EXERCISE:
Every record must come back exactly as given.

Scraped caption text data:
----
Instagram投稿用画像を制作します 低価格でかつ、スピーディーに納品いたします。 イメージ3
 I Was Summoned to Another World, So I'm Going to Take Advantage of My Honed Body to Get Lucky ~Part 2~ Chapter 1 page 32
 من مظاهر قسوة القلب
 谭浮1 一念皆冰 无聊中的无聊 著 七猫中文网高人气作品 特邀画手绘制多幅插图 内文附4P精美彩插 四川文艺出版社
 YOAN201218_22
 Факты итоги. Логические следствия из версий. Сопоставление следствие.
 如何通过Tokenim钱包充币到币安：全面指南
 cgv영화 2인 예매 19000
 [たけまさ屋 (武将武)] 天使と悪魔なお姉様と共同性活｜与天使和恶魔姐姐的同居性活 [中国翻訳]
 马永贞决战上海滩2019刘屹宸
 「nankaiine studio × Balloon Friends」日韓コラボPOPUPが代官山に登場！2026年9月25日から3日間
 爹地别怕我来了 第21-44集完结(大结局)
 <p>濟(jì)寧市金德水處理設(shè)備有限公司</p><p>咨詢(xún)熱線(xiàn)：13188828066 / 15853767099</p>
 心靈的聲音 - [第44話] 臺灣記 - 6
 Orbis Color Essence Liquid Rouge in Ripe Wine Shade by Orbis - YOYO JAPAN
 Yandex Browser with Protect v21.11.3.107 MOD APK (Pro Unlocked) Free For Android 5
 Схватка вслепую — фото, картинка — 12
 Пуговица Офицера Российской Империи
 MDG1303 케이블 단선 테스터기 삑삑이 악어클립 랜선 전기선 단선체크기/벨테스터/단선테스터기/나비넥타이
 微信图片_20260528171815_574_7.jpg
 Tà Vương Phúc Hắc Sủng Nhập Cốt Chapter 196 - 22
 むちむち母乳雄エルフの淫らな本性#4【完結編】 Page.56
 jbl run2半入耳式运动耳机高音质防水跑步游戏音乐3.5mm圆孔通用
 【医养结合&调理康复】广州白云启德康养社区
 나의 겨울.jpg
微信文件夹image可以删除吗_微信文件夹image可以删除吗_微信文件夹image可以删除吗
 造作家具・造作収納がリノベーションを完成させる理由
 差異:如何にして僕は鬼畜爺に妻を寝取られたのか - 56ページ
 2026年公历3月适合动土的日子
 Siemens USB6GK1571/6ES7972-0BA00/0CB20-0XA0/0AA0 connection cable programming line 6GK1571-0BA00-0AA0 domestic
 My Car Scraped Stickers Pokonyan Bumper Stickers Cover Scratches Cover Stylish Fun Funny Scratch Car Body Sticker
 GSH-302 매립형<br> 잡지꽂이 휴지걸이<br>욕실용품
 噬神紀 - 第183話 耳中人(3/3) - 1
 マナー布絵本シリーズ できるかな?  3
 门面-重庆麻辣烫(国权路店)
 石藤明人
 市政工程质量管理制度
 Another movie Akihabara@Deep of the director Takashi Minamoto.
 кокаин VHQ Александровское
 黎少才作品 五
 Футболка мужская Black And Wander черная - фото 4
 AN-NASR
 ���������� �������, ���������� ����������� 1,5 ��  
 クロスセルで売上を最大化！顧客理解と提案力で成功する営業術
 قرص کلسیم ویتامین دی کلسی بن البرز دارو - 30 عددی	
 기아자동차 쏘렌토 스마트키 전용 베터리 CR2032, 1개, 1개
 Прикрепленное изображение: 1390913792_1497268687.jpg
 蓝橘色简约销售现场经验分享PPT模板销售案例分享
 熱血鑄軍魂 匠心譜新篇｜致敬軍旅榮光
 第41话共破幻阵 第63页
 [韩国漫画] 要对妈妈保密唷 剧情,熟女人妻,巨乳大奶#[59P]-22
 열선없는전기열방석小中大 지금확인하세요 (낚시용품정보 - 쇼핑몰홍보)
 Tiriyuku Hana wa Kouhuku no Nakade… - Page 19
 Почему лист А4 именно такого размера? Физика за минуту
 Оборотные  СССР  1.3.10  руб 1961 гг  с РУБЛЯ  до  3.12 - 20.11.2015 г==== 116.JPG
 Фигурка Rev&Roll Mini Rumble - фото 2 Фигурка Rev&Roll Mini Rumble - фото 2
----
ANSWER TO THIS PROBLEM:
Instagram投稿用画像を制作します 低価格でかつ、スピーディーに納品いたします。 イメージ3
 I Was Summoned to Another World, So I'm Going to Take Advantage of My Honed Body to Get Lucky ~Part 2~ Chapter 1 page 32
 من مظاهر قسوة القلب
 谭浮1 一念皆冰 无聊中的无聊 著 七猫中文网高人气作品 特邀画手绘制多幅插图 内文附4P精美彩插 四川文艺出版社
 YOAN201218_22
 Факты итоги. Логические следствия из версий. Сопоставление следствие.
 如何通过Tokenim钱包充币到币安：全面指南
 cgv영화 2인 예매 19000
 [たけまさ屋 (武将武)] 天使と悪魔なお姉様と共同性活｜与天使和恶魔姐姐的同居性活 [中国翻訳]
 马永贞决战上海滩2019刘屹宸
 「nankaiine studio × Balloon Friends」日韓コラボPOPUPが代官山に登場！2026年9月25日から3日間
 爹地别怕我来了 第21-44集完结(大结局)
 <p>濟(jì)寧市金德水處理設(shè)備有限公司</p><p>咨詢(xún)熱線(xiàn)：13188828066 / 15853767099</p>
 心靈的聲音 - [第44話] 臺灣記 - 6
 Orbis Color Essence Liquid Rouge in Ripe Wine Shade by Orbis - YOYO JAPAN
 Yandex Browser with Protect v21.11.3.107 MOD APK (Pro Unlocked) Free For Android 5
 Схватка вслепую — фото, картинка — 12
 Пуговица Офицера Российской Империи
 MDG1303 케이블 단선 테스터기 삑삑이 악어클립 랜선 전기선 단선체크기/벨테스터/단선테스터기/나비넥타이
 微信图片_20260528171815_574_7.jpg
 Tà Vương Phúc Hắc Sủng Nhập Cốt Chapter 196 - 22
 むちむち母乳雄エルフの淫らな本性#4【完結編】 Page.56
 jbl run2半入耳式运动耳机高音质防水跑步游戏音乐3.5mm圆孔通用
 【医养结合&调理康复】广州白云启德康养社区
 나의 겨울.jpg
微信文件夹image可以删除吗_微信文件夹image可以删除吗_微信文件夹image可以删除吗
 造作家具・造作収納がリノベーションを完成させる理由
 差異:如何にして僕は鬼畜爺に妻を寝取られたのか - 56ページ
 2026年公历3月适合动土的日子
 Siemens USB6GK1571/6ES7972-0BA00/0CB20-0XA0/0AA0 connection cable programming line 6GK1571-0BA00-0AA0 domestic
 My Car Scraped Stickers Pokonyan Bumper Stickers Cover Scratches Cover Stylish Fun Funny Scratch Car Body Sticker
 GSH-302 매립형<br> 잡지꽂이 휴지걸이<br>욕실용품
 噬神紀 - 第183話 耳中人(3/3) - 1
 マナー布絵本シリーズ できるかな?  3
 门面-重庆麻辣烫(国权路店)
 石藤明人
 市政工程质量管理制度
 Another movie Akihabara@Deep of the director Takashi Minamoto.
 кокаин VHQ Александровское
 黎少才作品 五
 Футболка мужская Black And Wander черная - фото 4
 AN-NASR
 ���������� �������, ���������� ����������� 1,5 ��  
 クロスセルで売上を最大化！顧客理解と提案力で成功する営業術
 قرص کلسیم ویتامین دی کلسی بن البرز دارو - 30 عددی	
 기아자동차 쏘렌토 스마트키 전용 베터리 CR2032, 1개, 1개
 Прикрепленное изображение: 1390913792_1497268687.jpg
 蓝橘色简约销售现场经验分享PPT模板销售案例分享
 熱血鑄軍魂 匠心譜新篇｜致敬軍旅榮光
 第41话共破幻阵 第63页
 [韩国漫画] 要对妈妈保密唷 剧情,熟女人妻,巨乳大奶#[59P]-22
 열선없는전기열방석小中大 지금확인하세요 (낚시용품정보 - 쇼핑몰홍보)
 Tiriyuku Hana wa Kouhuku no Nakade… - Page 19
 Почему лист А4 именно такого размера? Физика за минуту
 Оборотные  СССР  1.3.10  руб 1961 гг  с РУБЛЯ  до  3.12 - 20.11.2015 г==== 116.JPG
 Фигурка Rev&Roll Mini Rumble - фото 2 Фигурка Rev&Roll Mini Rumble - фото 2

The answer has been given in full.